Wednesday 13 June 2012

Can I get a second opinion?


After weeks of planning, writing the first draft of my book, and then several more months editing it into reasonable shape, I started to look at it and despair. It could have been written in another language for all the sense it made to me. Every word was so familiar and so ingrained in my brain that I couldn’t see a way to change it. The only way to move forward from this point was to get a second opinion. What I wanted out of an early review, or beta read, was to know in broad terms which parts of the story, and which bits of my writing, were working and which weren’t.
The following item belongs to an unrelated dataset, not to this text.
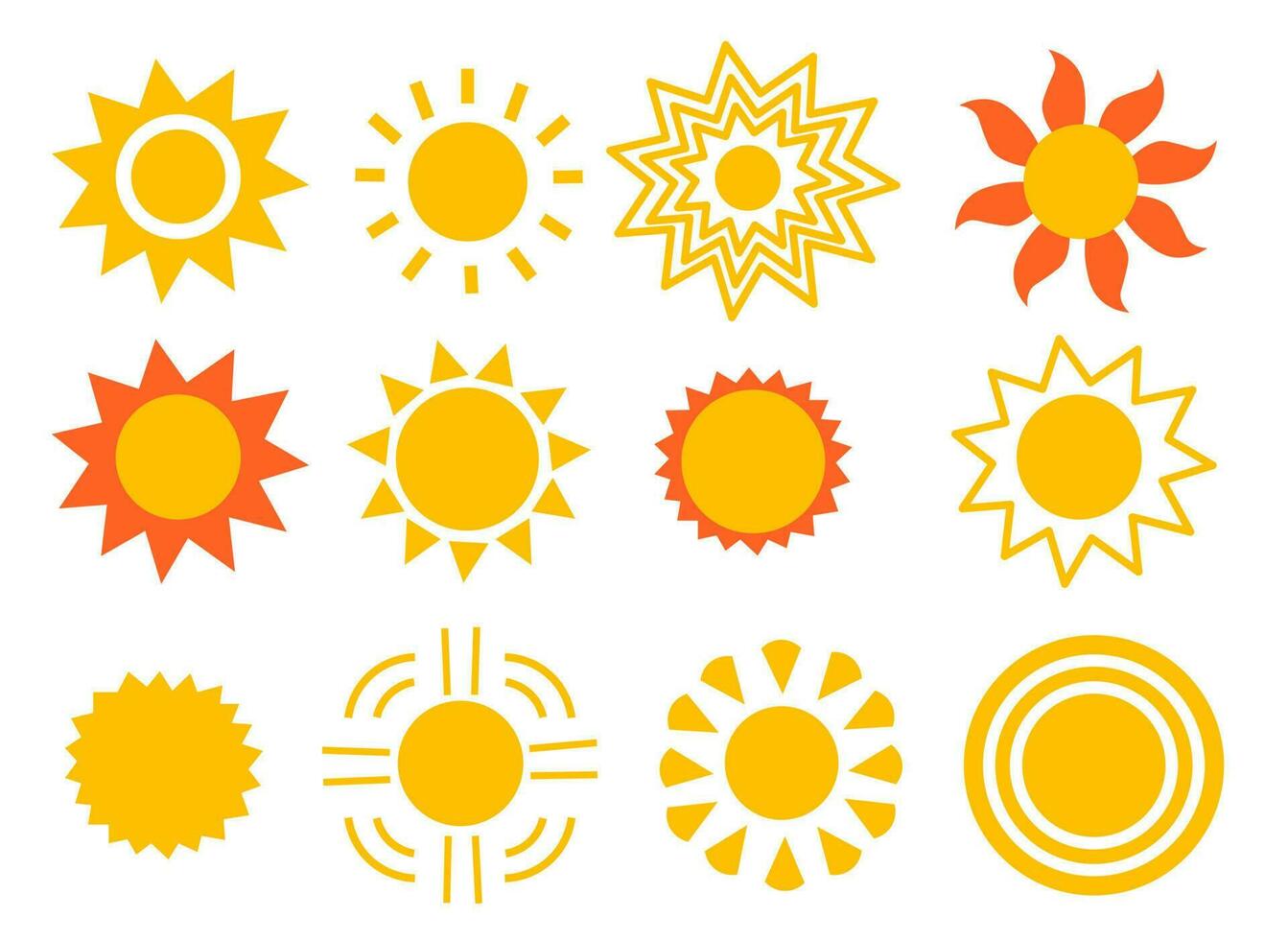 Minimal sun icons big set vector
When you’re looking for someone to review your manuscript, you have several options. There’s friends and family, of course, but be sure that whoever you ask is prepared to give you constructive criticism when it’s needed. Absolutely the most important thing in a reviewer is that they’re able to be honest with you - a review is no use if it doesn’t help you improve your book. If you don’t like the idea of asking a friend, then you have a couple of options. You could ask a professional editor to appraise your manuscript and make suggestions, or you can take to Twitter, blogs and forums to find beta readers or a crit partner. Chat with people who read and write in your genre, find someone you have a connection with, and ask! If possible, make yourself available to other writers who want beta readers – you learn so much about the craft by finding what works and what doesn’t in other peoples’ writing.

I’m very fortunate to have a brilliant friend, who also happens to be a brilliant editor (@SarahLou_Long – follow her real-life romance here: http://www.miningfm.com.au/ask-our-experts/the-miners-girl.html), agree to read my manuscript. We read and write in similar genres and I knew that her editorial instincts would be too strong not to suggest improvements wherever she could. I’d have been happy to have comments on just a few chapters, but, as I said, she is brilliant and agreed to read the whole thing.
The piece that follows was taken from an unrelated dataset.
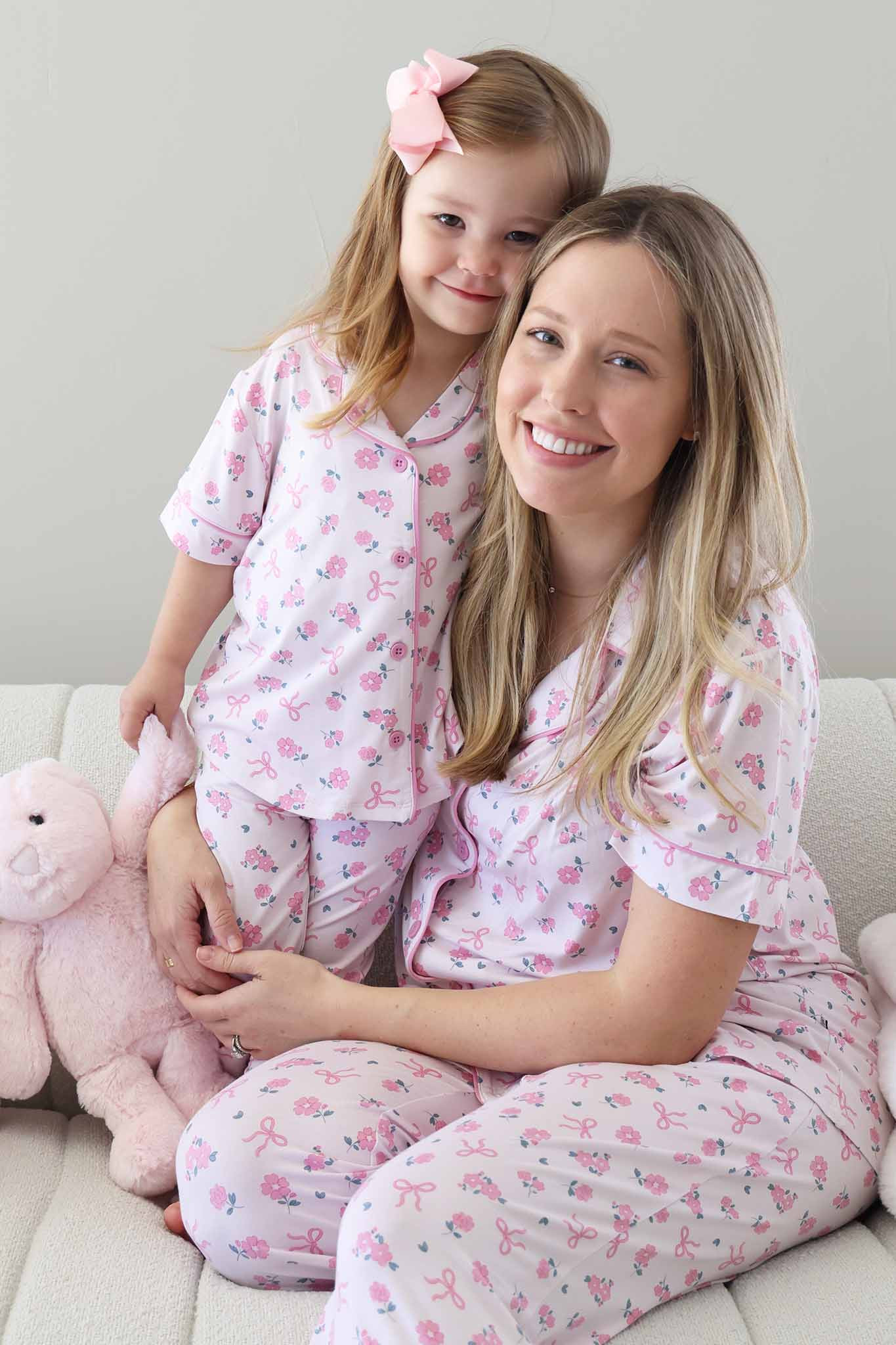 Women's Two Piece Flare Lounge Set | Ribbon & Roses Pink | Caden Lane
When it actually came to reading this honest feedback and (plenty of) constructive criticism, I felt a bit ill. I’d not had anyone comment objectively on my writing since school, and had major attacks of the doubt crows (my current favourite phrase, courtesy of Maisey Yates). Mostly though, once I got into it, I found reading the suggestions for improvement more frustrating than painful, because once it was pointed out, every mistake seemed so obvious! Not only that, but a lot of the comments were requests for more information – often about the finer details of setting or subtext – that I had already thought about and written into my notes. It was absolutely crystal clear in my mind, but I’d somehow forgotten to get the words on the page.  By this point I knew my characters and my scenes so well that my brain was filling in gaps. But at least this meant that the negative comments were easy to tackle, and even the littlest positive ones (‘Love this J’ or ‘I love this whole page!’) made me do a little happy dance.
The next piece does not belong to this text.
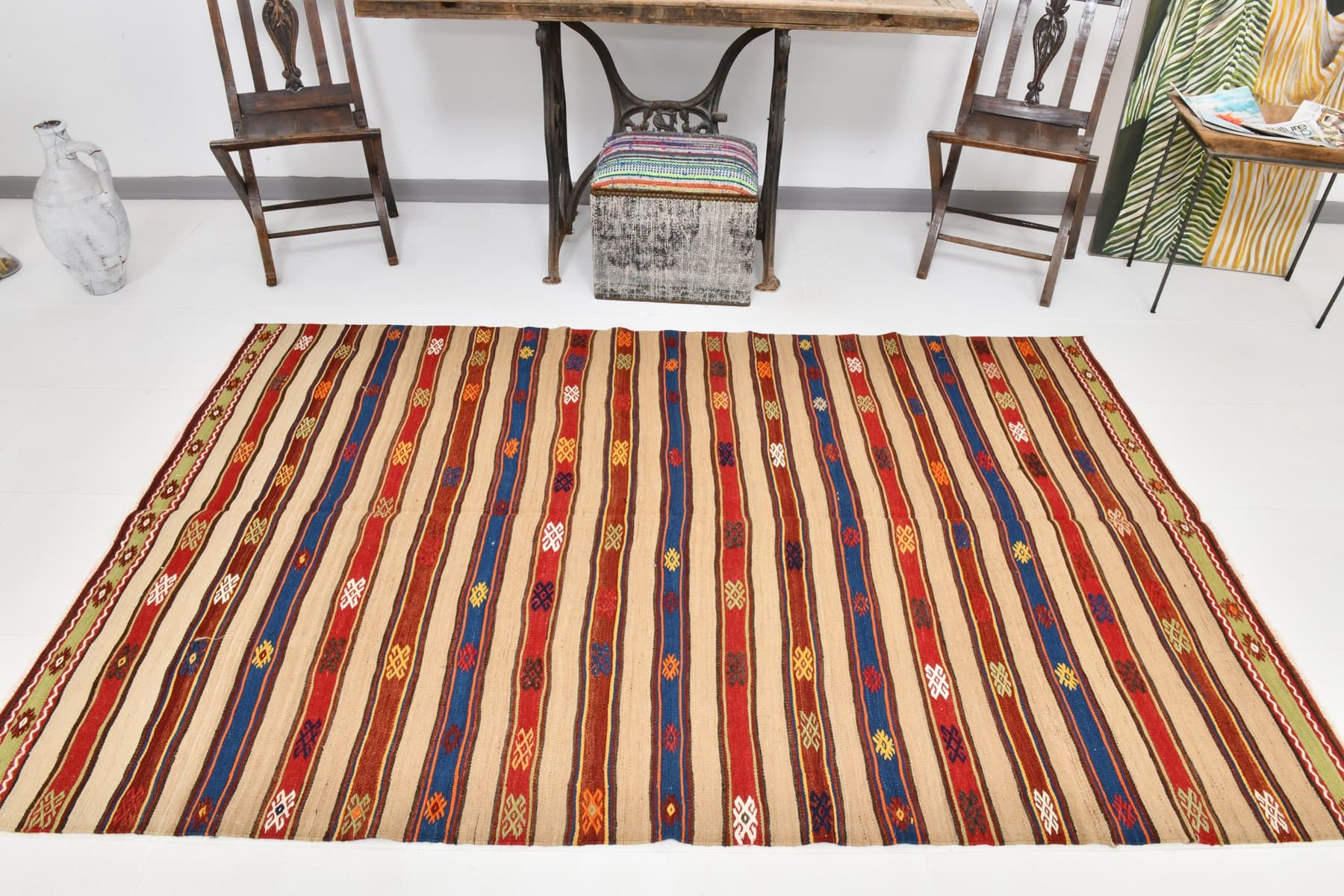 Kilim 151x240 cm, brązowy, wełna, Turcja, lata 60. - 212230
Of course, the reasonable part of my brain knows this isn’t the purpose of positive comments. What I need to do is pick apart these good bits, trying to work out what I’d said, or not said, that made Sarah smile, or gasp, or hate me (my favourite of the bunch was this one: ‘What? Don’t stop!! OMG, I have to get back to work now and I want to keep reading – you’re such a bl**dy tease!!’). And I will absolutely do this. Right after the happy dancing. 

But by far my favourite thing to come from this process is the homework – so far, I’ve been instructed to reread Marian Keyes, spend some quality time thinking about Jonny Jefferson, watch Entourage and listen to Matthew McConaughey’s voice. With advice like that, who am I to argue?